Your copy should contain exactly the lines from the start of the listing through the line that holds "Soft Fleece Warm", and no pictures.

Input records below:

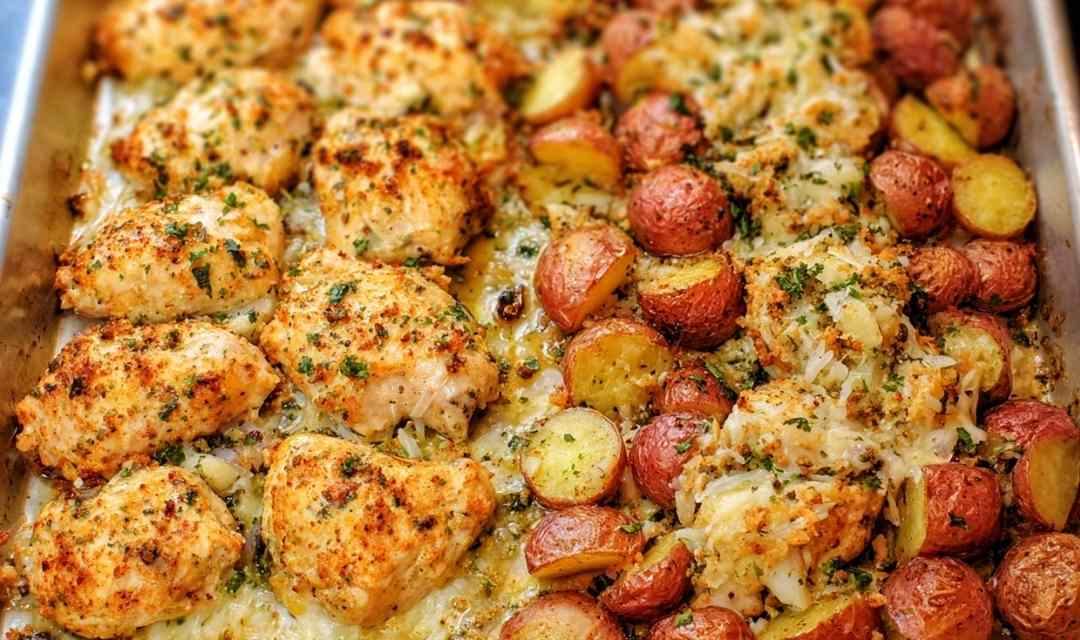 Baked Garlic Parmesan Chicken and Potatoes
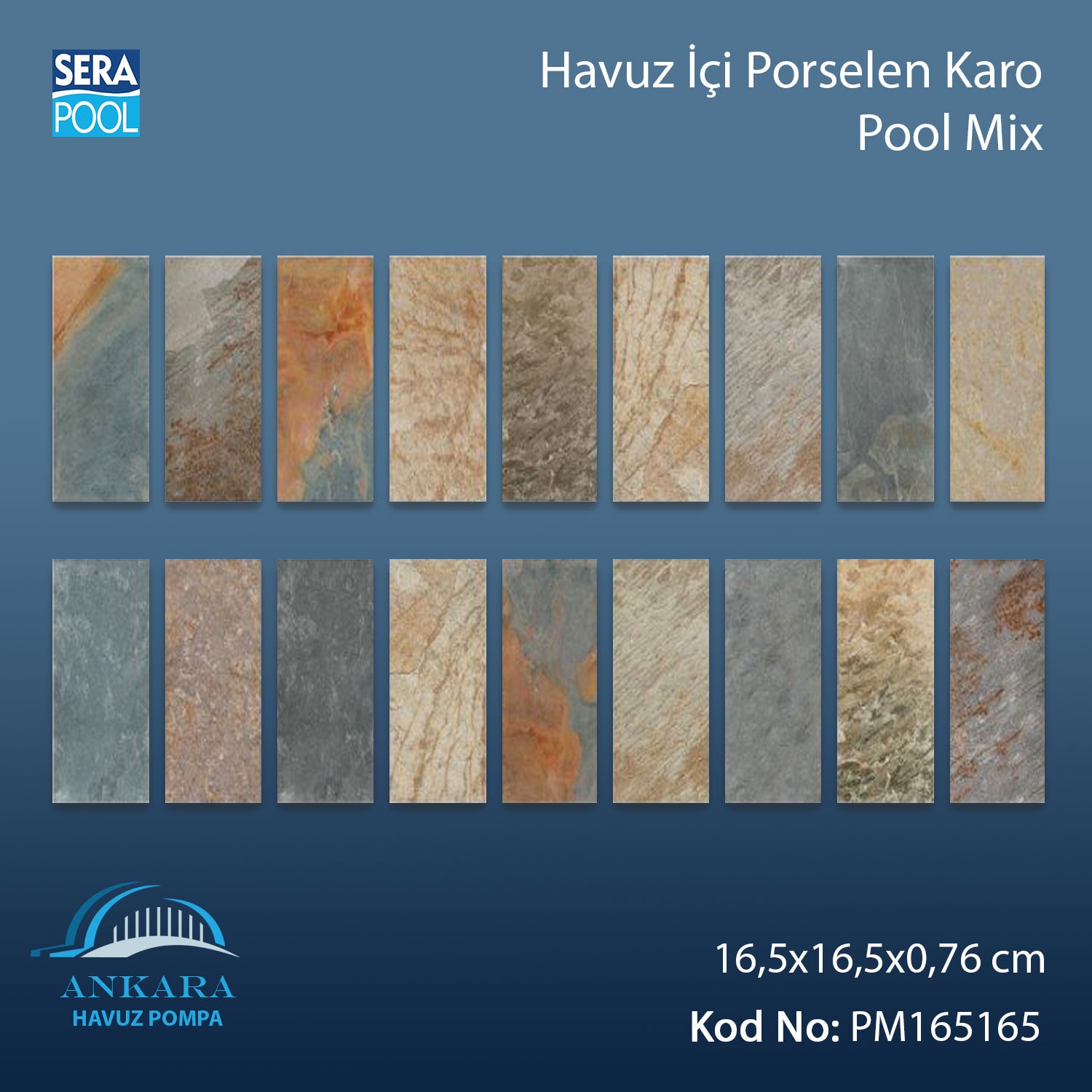 Pool Mix (16,5x16,5 cm) Porselen Karo - m² 'si
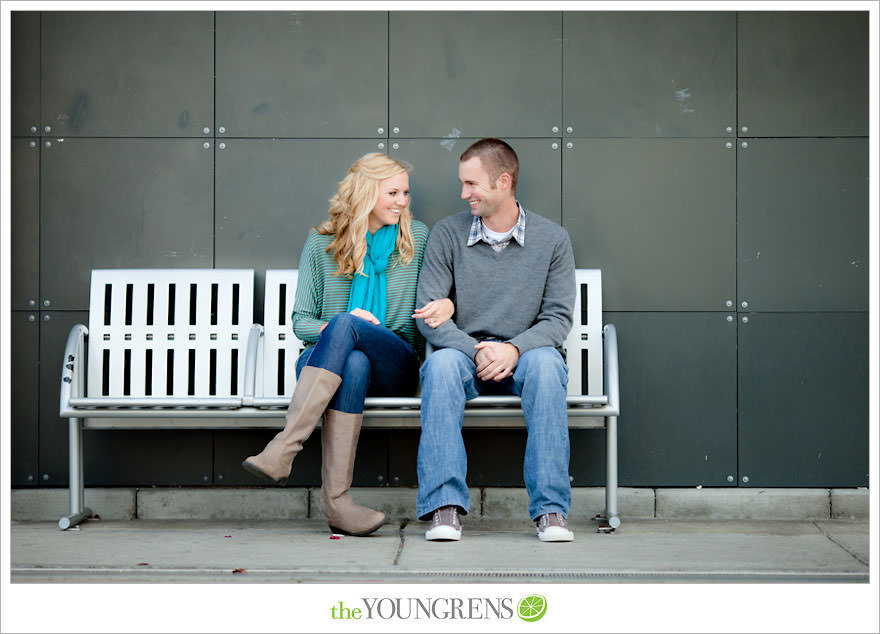 San Diego engagement session, Solana Beach engagement session, beach engagement session, Cedros avenue engagement sesssion, wedding date banner, wedding scrapbook photo, urban engagement session, picnic engagement session, champagne engagement session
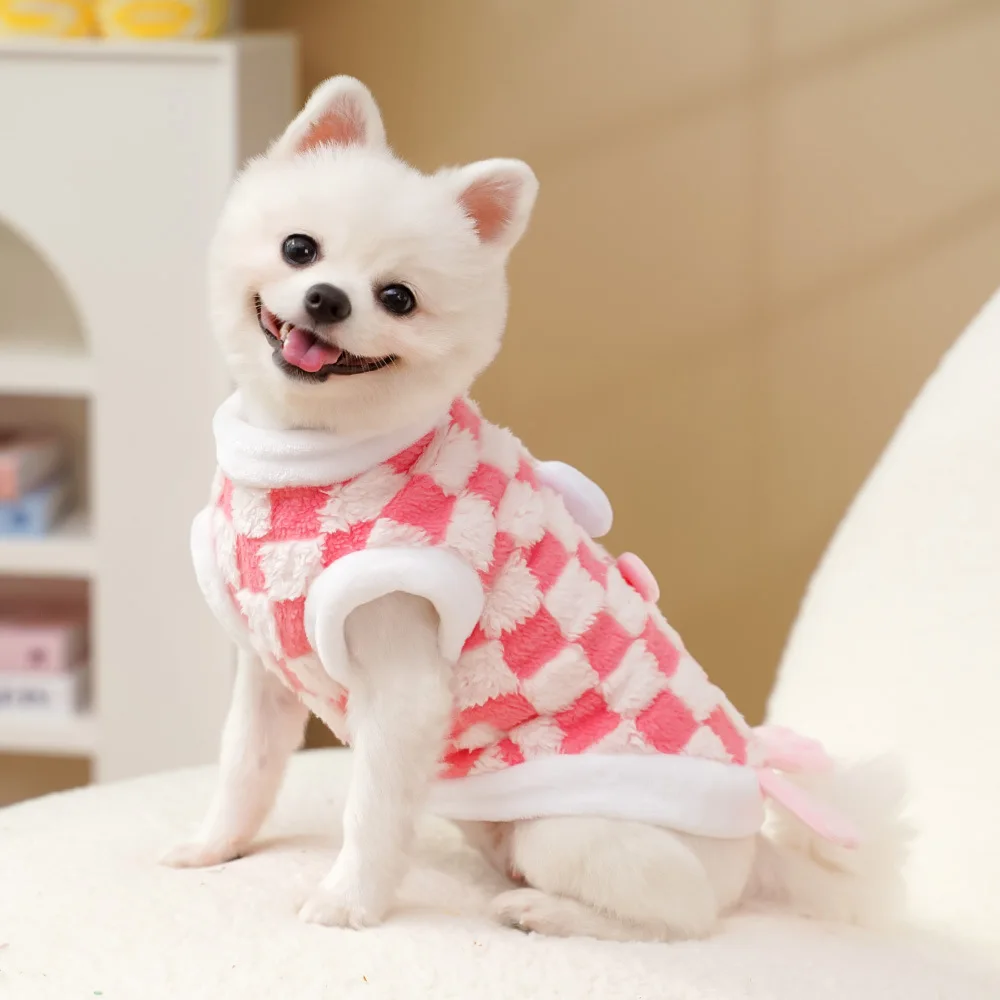 Soft Fleece Warm Small Dog Clothes Winter Puppy Thick Coat Jacket Fun Pet Plush Sweater Cat Crew Neck Shirt with Traction Buckle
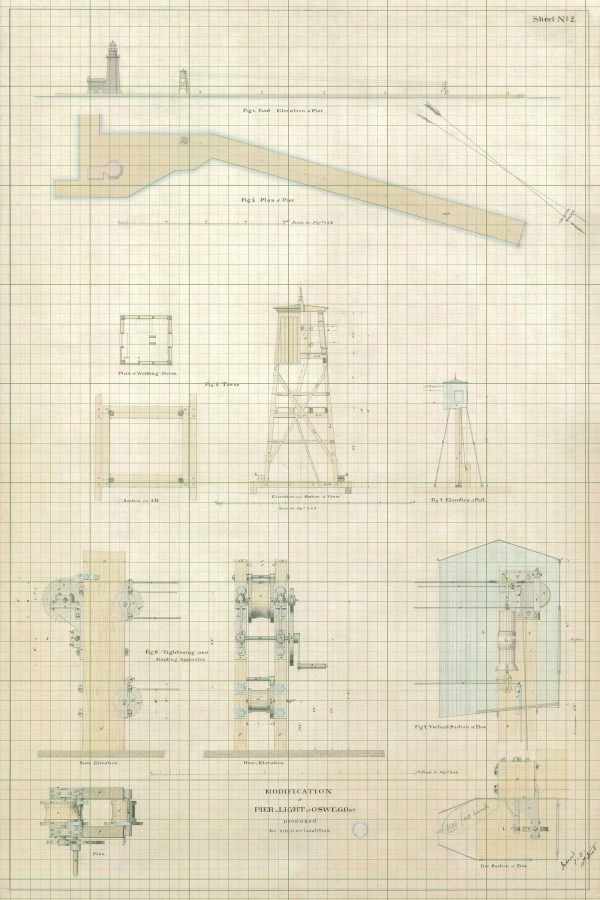 Oswego Harbor Pierhead Light Plan Drawing - New York Lighthouse, Pier Lighthouse, Lighthouse Print, Beach House Décor, Nautical Décor Print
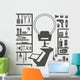 Hair Styling Salon Silhouettes Wall Decal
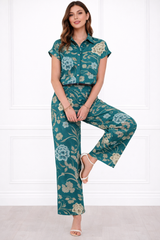 Women Printed Short Sleeve Spandex Shirt & Pant Co-Ord Set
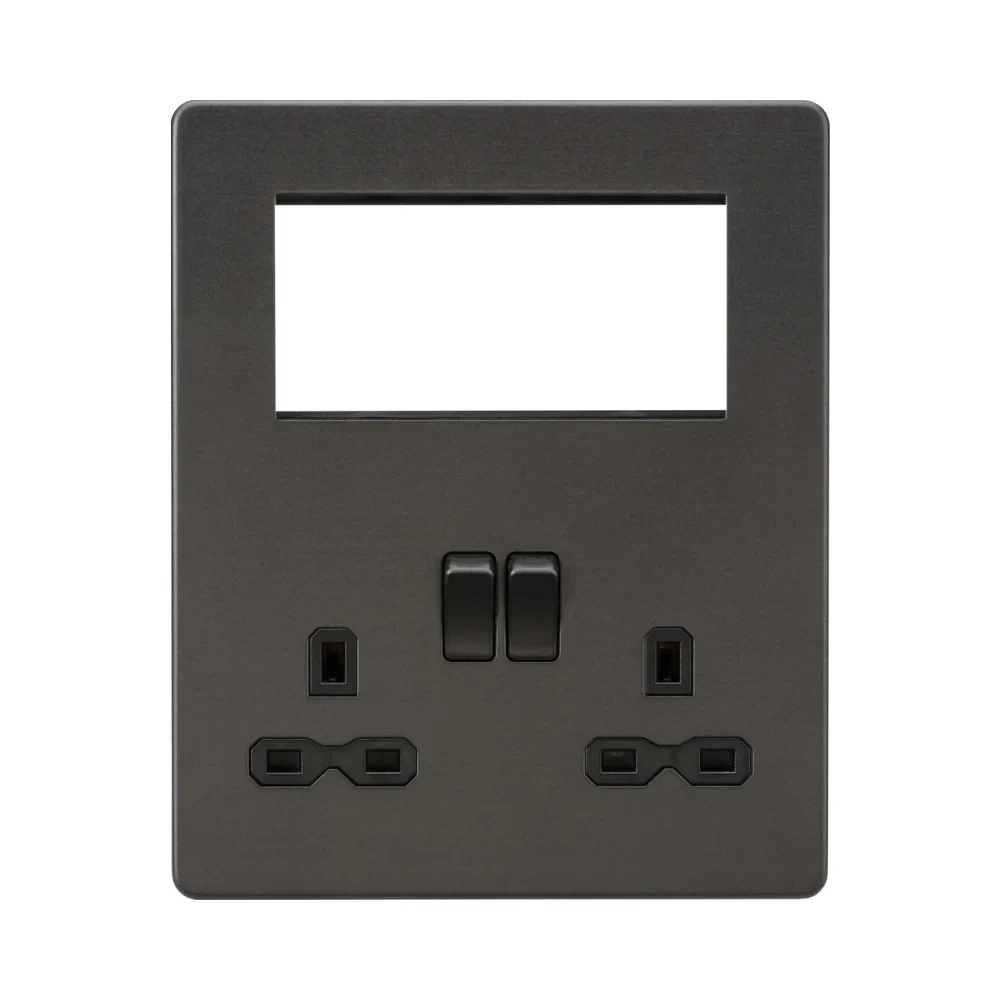 Knightsbridge SFR194SB Small Multimedia Combination Plate - Smoked Bronze with Black Insert 1 Knightsbridge SFR194SB Small Multimedia Combination Plate - Smoked Bronze with Black Insert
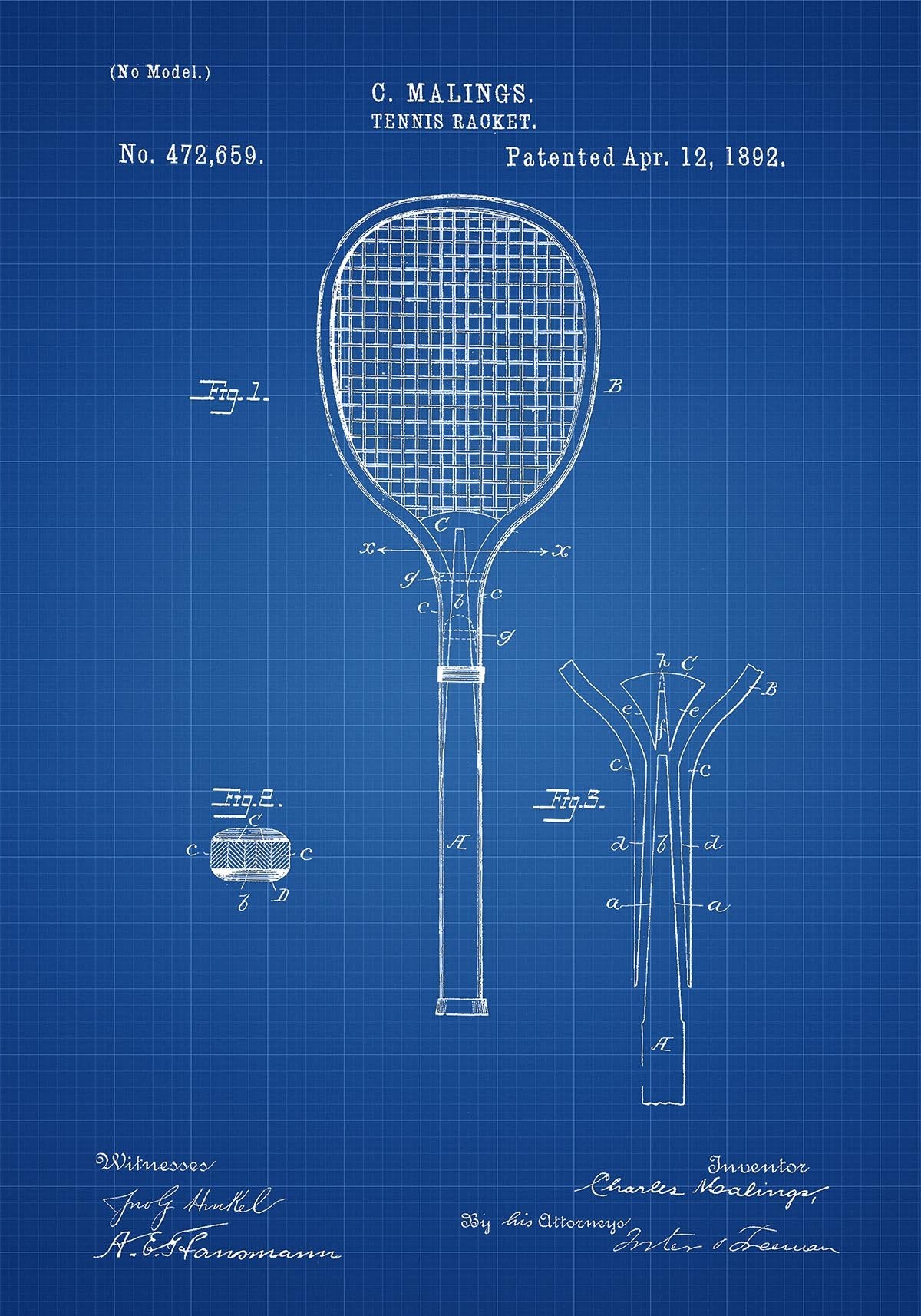 Tennis Racket Patent Poster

End of Input records.

• [Exercise solution]
 Baked Garlic Parmesan Chicken and Potatoes
 Pool Mix (16,5x16,5 cm) Porselen Karo - m² 'si
 San Diego engagement session, Solana Beach engagement session, beach engagement session, Cedros avenue engagement sesssion, wedding date banner, wedding scrapbook photo, urban engagement session, picnic engagement session, champagne engagement session
 Soft Fleece Warm Small Dog Clothes Winter Puppy Thick Coat Jacket Fun Pet Plush Sweater Cat Crew Neck Shirt with Traction Buckle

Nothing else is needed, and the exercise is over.